When did bad become good?

There's been a lot of coverage given to the latest proposal from "public health expert" and Chairman of Health England Professor Julian Le Grand, namely that the smoking ban has not gone far enough and smokers should have to buy a licence to purchase tobacco in future.

 

Even if we ignore the unparalleled idiocy questionable logic of calling one's philosophy "libertarian paternalism" (presumably drawn from the fine intellectual tradition of free market Communism and tolerant racism), the idea is unpleasant even in its implementation.

 

Smokers have to pay £10 on top of the existing tobacco duty, but that would only be one thrust of the deterrent. He actually intends to put the awkwardness and incompetence of public sector bureaucracy to use deliberately - the licence service will be unco-operative and hard to use on purpose:

He said it was the inconvenience of getting a permit - as much as the cost - that would deter people from persisting with the smoking habit.


"You've got to get a form, a complex form - the government's good at complex forms; you have got to get a photograph." (BBC News Online)

Since when did the thorny tangle of government forms become a good thing?

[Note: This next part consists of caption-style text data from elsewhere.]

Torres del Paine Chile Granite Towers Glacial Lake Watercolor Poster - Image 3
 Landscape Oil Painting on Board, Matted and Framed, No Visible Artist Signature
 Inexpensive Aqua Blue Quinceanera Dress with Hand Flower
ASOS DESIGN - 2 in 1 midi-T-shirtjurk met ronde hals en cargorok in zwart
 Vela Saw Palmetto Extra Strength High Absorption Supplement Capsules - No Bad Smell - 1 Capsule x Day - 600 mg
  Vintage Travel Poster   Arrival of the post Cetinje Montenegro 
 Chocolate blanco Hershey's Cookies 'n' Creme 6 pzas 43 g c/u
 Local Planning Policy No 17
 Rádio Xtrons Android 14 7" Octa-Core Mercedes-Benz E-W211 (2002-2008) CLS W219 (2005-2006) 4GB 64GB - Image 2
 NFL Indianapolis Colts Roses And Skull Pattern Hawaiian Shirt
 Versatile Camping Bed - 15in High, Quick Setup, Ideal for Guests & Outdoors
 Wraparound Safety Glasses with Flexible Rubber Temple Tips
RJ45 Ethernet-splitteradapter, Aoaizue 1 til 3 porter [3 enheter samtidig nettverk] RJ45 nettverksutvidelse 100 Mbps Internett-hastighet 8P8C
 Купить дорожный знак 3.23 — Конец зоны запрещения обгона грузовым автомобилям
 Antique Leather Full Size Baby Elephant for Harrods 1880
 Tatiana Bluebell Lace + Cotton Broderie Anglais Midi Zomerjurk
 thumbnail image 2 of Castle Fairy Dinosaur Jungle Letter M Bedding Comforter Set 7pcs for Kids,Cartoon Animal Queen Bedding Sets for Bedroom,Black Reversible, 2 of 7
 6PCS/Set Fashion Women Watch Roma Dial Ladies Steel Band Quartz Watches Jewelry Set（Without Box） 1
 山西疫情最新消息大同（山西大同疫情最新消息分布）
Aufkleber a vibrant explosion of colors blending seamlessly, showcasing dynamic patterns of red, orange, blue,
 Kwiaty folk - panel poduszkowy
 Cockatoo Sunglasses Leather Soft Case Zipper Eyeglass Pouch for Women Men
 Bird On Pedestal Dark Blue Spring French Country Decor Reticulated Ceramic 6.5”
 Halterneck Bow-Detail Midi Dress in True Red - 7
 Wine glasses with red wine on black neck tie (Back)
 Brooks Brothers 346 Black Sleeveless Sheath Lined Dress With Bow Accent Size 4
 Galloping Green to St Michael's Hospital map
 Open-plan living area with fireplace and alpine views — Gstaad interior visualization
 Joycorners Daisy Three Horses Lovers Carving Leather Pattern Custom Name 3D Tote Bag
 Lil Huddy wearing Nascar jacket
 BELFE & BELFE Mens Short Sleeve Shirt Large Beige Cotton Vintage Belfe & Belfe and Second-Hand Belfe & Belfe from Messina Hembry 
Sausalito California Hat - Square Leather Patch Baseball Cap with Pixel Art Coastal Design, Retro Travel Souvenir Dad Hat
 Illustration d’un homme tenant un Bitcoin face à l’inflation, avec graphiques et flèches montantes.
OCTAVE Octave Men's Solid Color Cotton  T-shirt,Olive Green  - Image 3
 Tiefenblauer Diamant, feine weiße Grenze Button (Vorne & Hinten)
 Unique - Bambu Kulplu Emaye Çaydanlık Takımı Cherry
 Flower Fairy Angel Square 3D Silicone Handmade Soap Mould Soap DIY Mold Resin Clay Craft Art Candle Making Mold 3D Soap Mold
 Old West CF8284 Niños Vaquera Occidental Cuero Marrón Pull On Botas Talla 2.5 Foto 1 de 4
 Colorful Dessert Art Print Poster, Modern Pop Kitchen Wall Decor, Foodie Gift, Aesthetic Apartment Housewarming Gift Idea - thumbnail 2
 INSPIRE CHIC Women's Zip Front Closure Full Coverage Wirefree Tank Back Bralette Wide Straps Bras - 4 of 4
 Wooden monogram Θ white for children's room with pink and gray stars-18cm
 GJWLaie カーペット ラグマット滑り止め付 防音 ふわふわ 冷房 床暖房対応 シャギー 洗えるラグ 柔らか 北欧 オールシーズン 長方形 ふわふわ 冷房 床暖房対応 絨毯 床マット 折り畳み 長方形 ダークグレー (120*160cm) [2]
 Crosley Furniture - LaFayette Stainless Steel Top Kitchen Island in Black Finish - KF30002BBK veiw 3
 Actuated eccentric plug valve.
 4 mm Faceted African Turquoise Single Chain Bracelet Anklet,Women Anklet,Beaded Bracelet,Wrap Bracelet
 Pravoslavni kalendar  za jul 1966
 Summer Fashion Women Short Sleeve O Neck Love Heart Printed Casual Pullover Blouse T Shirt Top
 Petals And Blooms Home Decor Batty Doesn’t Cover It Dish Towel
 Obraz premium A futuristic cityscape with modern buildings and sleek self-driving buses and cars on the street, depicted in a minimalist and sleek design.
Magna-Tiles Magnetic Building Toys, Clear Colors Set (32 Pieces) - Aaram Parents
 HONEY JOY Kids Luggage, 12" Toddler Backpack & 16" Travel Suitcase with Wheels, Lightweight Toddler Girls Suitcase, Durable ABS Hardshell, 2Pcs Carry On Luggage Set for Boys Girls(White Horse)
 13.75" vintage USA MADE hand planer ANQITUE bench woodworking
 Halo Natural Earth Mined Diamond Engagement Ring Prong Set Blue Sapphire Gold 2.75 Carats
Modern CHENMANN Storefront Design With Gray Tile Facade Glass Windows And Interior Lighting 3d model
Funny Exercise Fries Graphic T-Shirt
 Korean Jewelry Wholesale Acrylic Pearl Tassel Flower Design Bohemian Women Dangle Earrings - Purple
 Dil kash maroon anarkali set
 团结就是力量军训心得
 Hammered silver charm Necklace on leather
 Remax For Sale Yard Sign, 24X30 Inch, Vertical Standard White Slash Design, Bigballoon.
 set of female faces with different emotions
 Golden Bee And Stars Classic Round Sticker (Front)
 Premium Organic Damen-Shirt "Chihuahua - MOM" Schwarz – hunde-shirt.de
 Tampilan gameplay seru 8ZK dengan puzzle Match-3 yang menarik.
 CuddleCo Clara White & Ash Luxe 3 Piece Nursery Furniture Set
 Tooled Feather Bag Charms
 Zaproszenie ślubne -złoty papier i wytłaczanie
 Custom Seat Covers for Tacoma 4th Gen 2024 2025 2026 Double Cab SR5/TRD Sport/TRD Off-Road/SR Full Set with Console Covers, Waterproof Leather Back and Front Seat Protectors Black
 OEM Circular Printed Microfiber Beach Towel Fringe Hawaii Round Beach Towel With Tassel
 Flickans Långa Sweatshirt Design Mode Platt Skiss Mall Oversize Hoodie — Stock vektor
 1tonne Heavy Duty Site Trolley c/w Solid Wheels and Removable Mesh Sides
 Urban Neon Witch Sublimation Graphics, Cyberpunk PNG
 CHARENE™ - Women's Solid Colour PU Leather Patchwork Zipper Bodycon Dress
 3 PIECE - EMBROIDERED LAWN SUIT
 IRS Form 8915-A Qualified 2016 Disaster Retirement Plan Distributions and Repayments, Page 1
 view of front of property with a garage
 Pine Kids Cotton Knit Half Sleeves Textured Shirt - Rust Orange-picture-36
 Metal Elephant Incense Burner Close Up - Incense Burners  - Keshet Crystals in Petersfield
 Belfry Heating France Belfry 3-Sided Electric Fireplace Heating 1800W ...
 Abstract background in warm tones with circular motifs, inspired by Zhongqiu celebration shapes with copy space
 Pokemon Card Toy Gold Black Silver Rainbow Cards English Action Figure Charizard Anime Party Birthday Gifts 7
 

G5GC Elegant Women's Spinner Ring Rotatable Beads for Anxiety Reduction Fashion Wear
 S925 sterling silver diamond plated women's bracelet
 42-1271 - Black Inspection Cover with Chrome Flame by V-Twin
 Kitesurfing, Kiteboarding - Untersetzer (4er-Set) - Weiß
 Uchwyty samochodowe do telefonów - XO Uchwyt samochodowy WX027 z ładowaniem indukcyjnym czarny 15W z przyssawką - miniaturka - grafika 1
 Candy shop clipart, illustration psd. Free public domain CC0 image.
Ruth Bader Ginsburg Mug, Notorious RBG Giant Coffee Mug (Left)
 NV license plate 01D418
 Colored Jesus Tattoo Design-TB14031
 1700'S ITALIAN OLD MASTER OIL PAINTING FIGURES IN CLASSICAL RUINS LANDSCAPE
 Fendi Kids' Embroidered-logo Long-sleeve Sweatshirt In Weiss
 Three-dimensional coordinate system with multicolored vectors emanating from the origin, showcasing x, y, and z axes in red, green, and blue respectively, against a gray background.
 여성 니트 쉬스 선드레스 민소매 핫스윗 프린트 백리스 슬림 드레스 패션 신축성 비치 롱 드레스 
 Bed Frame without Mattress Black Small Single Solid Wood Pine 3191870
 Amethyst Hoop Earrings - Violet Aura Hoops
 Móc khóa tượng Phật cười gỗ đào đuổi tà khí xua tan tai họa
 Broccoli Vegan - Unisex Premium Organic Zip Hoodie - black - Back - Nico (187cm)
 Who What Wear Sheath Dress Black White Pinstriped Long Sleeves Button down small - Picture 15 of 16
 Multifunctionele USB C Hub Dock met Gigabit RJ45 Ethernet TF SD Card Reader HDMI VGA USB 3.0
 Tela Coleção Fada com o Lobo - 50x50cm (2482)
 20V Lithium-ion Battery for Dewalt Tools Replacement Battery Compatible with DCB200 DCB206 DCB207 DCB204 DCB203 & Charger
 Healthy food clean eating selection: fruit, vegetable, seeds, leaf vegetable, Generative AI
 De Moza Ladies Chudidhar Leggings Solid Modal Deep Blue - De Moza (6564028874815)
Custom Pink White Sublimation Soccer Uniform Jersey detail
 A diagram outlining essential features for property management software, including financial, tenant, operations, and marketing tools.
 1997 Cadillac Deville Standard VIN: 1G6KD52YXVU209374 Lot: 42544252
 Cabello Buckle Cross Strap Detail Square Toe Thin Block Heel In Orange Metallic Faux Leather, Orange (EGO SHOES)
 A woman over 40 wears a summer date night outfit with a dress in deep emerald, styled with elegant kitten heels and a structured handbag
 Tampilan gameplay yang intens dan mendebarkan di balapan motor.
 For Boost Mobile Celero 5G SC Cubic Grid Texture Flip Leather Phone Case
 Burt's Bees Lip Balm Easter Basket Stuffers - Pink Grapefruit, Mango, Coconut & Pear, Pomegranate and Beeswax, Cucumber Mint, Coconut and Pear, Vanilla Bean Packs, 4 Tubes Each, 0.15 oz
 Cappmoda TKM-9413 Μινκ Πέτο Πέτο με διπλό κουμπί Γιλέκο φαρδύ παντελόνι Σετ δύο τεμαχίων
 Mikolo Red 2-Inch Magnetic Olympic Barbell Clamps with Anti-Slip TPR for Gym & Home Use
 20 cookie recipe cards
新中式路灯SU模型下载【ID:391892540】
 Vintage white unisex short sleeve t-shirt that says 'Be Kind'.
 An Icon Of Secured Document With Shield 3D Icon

We should be moving away from complex, difficult bureaucracy, not deliberately expanding it.

 

Whilst he's utterly wrong on almost all counts, it is at least notable that an NHS agency has just admitted on record that the public sector has an appalling habit of setting up impenetrable forms that put people off using services.

 

Presumably the message was approved by the other members of Health Britain, on whose behalf Prof Le Grand speaks, in which case the Chief Executive of NICE, the Deputy Chief Medical Officer, the Department of Health's Chief Economist, Chief Knowledge Officer and Director General of Social Care and 13 other leading civil servants and experts have also just diagnosed the real problem with healthcare in this country - bureaucracy. Whilst it's a refreshingly open diagnosis, it is somewhat depressing that they have decided to encourage the disease rather than cure it.